Published by the American Society of Agricultural and Biological Engineers, St. Joseph, Michigan www.asabe.org

Citation:  Paper number  034049,  2003 ASAE Annual Meeting . (doi: 10.13031/2013.13863) @2003
Authors:   D.L. Elwell, D.C. Borger, H.M. Keener
Keywords:   Odor, Composting, Dairy Manure, Gas Chromatography

Composting of animal manures, among other benefits, destroys a wide variety of odorous chemicals and reduces the social impact of the manures while producing value added products. Extensive studies (eight trials involving a total of about 60 pilot-scale vessels) of odorants from composting of manures from both lactating cows (Barn 1) and heifers (Barn 2) have been conducted over the last two years. Both continuous and intermittent aeration were studied, and fresh and 12 day aged manures were used. Standard data on the kinetics of each vessel were collected. Ammonia emissions were trapped in boric acid and quantified.
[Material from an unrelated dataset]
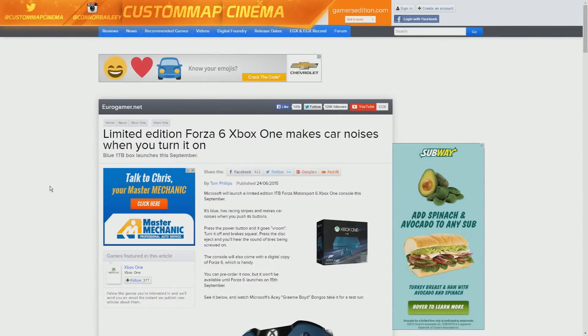How's it going guys? We have one of the coolest looking custom Xbox One themed consoles — this one being the Forza Motorsport 6 edition. It looks pretty cool.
Material samples and exhaust gas condensates were collected, and the condensates and extracts from the material samples were analyzed for VFAs (C2 to C5), phenolics and indolics. Gas chromatography using either flame ionization or mass spectrographic detection was employed. Data on sulfur emission, obtained in the later runs using either a Jerome Meter or Drger tubes, is presented. VOC emissions amounted to less than one percent of the odorants in the composting materials. Nevertheless, 95 to 100% of these materials were gone within about a week. This suggests that bacterial utilization is the most important mechanism for the elimination of odors during composting.